No matter how happy a family formed through adoption is, it’s a family that’s formed around a loss – a child’s loss of their biological parents, and those biological parents’ loss of their children. This is true to one degree or another in closed adoptions, open adoptions, infant adoptions, and adoptions of older children, although children in each of these different situations may think of and process that loss in different ways.
This means that parents of children who have been adopted have the added responsibility of supporting their children through the potential for grief over this loss, and helping their children work through these feelings. This can be true of children who have been adopted at any age. Even very young children, who may not be able to fully understand abstract concepts like adoption or loss, still feel the loss of familiar people and places. Some adopted children also don’t just grieve once – grief for a loss of parents or caregivers from early childhood is a kind of grief that children may need to face and process in different ways and at different times throughout their lives. Not all children experience these feelings, and those who do often experience them in different ways at different times in their lives, but in all cases, parents can help by keeping lines of communication open, and offering their children many chances to talk about what they might be feeling.

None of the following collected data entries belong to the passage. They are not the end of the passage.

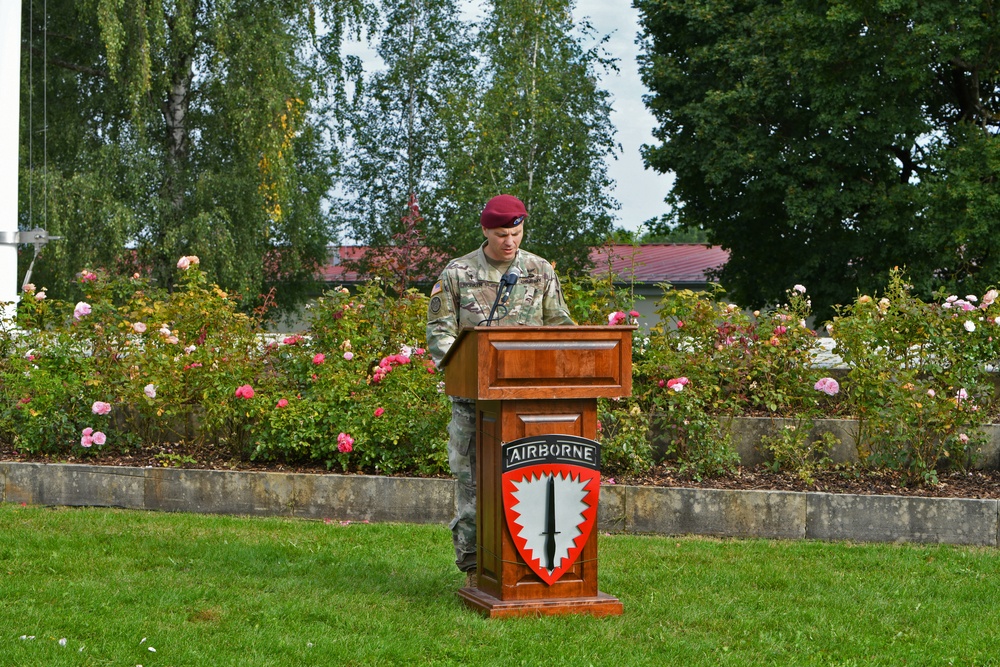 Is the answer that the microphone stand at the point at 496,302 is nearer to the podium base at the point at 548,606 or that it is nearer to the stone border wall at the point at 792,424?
the podium base at the point at 548,606

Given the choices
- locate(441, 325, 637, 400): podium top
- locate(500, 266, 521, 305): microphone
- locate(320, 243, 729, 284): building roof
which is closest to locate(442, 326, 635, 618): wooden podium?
locate(441, 325, 637, 400): podium top

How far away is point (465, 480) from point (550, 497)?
630 mm

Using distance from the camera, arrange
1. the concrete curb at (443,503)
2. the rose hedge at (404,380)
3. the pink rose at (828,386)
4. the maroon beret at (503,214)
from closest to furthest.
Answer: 1. the maroon beret at (503,214)
2. the concrete curb at (443,503)
3. the rose hedge at (404,380)
4. the pink rose at (828,386)

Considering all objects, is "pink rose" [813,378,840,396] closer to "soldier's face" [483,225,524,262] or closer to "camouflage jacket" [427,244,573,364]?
"camouflage jacket" [427,244,573,364]

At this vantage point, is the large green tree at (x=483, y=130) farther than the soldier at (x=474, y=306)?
Yes

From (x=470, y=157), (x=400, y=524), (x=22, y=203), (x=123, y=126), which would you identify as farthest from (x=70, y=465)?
(x=470, y=157)

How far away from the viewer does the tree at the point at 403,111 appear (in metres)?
35.0

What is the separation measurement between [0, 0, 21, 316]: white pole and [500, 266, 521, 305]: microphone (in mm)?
8615

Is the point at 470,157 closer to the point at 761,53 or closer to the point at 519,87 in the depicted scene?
the point at 519,87

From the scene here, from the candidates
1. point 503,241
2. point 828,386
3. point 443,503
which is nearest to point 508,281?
point 503,241

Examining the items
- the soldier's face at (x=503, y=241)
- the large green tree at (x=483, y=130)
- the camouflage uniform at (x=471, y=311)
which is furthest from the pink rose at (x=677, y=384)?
the large green tree at (x=483, y=130)

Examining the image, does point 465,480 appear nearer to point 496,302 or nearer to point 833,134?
point 496,302

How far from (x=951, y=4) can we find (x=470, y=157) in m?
13.8

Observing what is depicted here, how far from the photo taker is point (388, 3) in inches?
1387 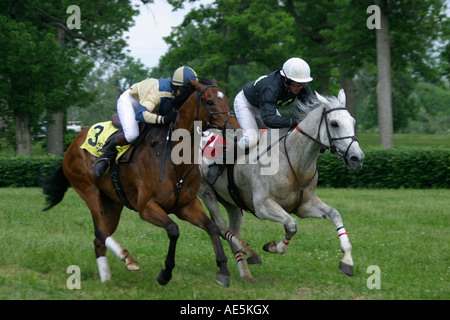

One of the ways parents can help to address feelings of loss is by talking about birth parents if children bring them up, and making sure children know that it’s okay to feel sad about their birth parents, or about their adoption in general. Children who feel like they always have to have positive feelings about their adoption can feel stress or guilt about the kind of conflicted feelings that are completely natural.
Talking about grief is an important part of processing it, and children who aren’t offered the space to process their grief in this way may have more trouble dealing with their feelings. Some parents may worry about bringing up biological parents before their child does, but as important as it is to listen to a child’s cues, it’s also important to remember that children take a lot of their cues from their parents. Adopted children whose parents never bring up their birth parents may feel like the subject is off-limits. Parents can walk the fine line between being pushy and not talking about a child’s birth parents at all by bringing them up in small, casual ways – maybe by wondering out loud if their child’s biological parents shared their interest in sports, or infectious laugh.
Children being raised in open adoptions may experience some of these feelings but not others. All children are individuals who will process different parts of their backgrounds in different ways. More than that, widespread open adoptions are a somewhat recent event, and the specific ways they’ll influence emotional development isn’t entirely clear.